--- START ---

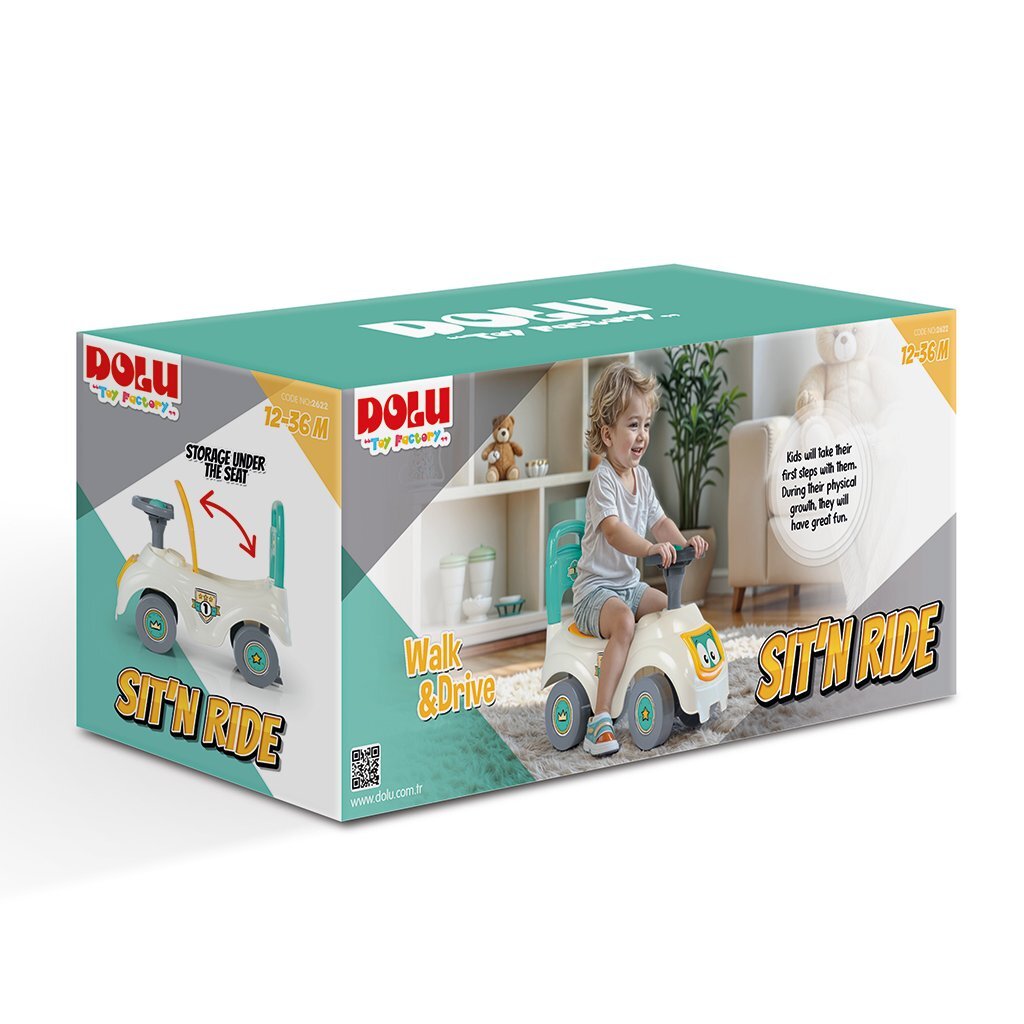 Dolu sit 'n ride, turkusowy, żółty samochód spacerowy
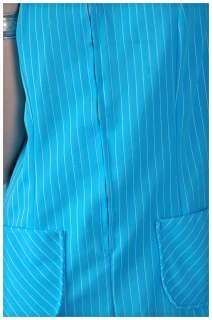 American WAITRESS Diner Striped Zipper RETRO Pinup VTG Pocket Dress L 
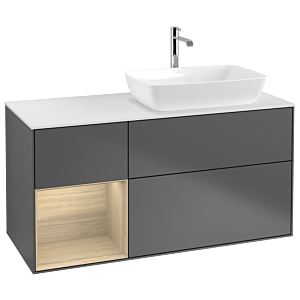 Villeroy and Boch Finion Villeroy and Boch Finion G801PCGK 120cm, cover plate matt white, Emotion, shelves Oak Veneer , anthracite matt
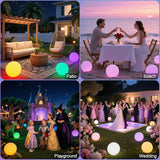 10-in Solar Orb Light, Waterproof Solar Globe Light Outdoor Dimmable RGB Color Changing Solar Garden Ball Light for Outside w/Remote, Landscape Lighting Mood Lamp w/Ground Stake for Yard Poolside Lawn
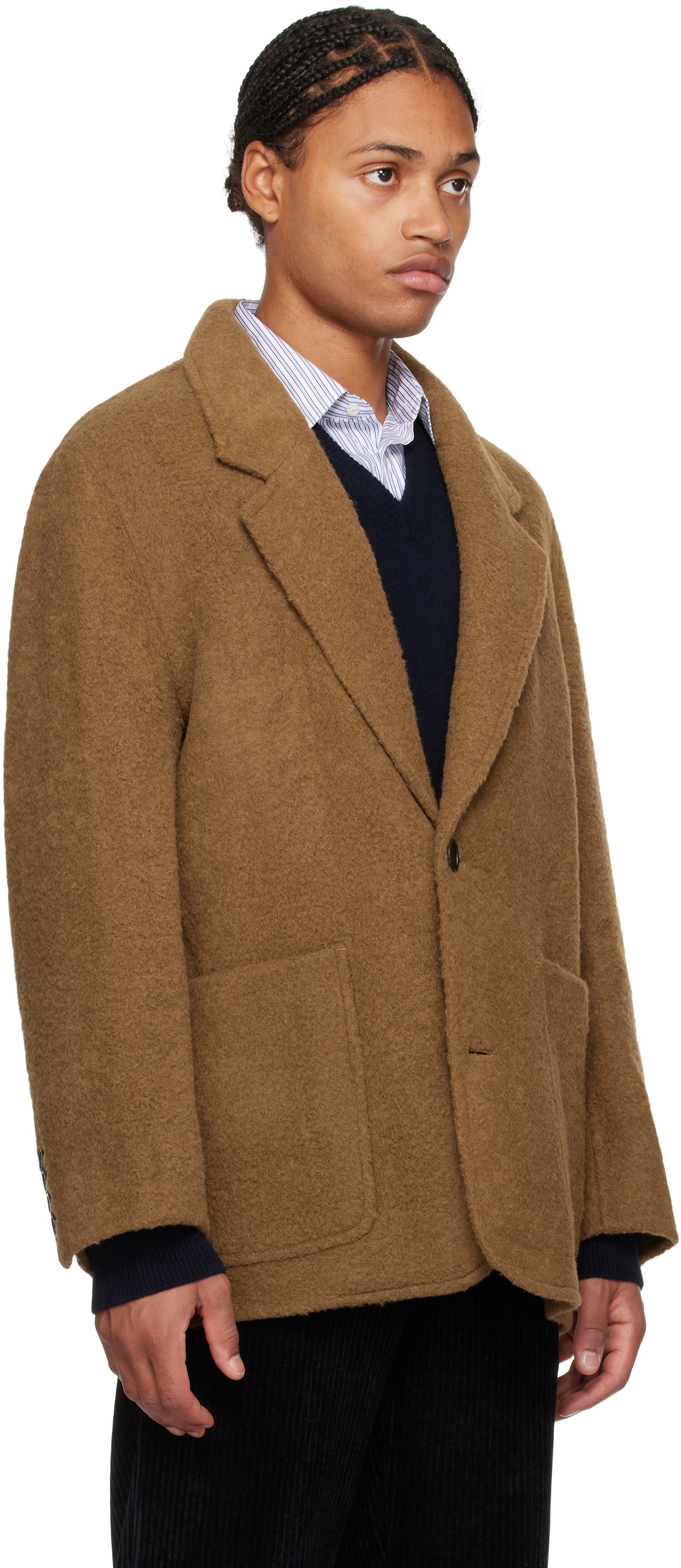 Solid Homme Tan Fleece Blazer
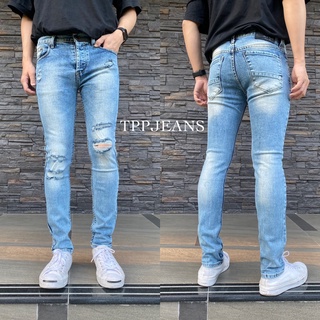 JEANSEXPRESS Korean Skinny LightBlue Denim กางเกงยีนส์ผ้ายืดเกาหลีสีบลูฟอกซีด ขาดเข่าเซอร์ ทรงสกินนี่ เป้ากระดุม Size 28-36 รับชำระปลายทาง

--- END ---

TASK TO CARRY OUT:
Only the lines from the one containing "Solid Homme Tan Fleece Blazer" through the end of the records should be copied, exactly and with both ends included; the pictures should not.

ANSWER TO THIS PROBLEM:
 Solid Homme Tan Fleece Blazer
 JEANSEXPRESS Korean Skinny LightBlue Denim กางเกงยีนส์ผ้ายืดเกาหลีสีบลูฟอกซีด ขาดเข่าเซอร์ ทรงสกินนี่ เป้ากระดุม Size 28-36 รับชำระปลายทาง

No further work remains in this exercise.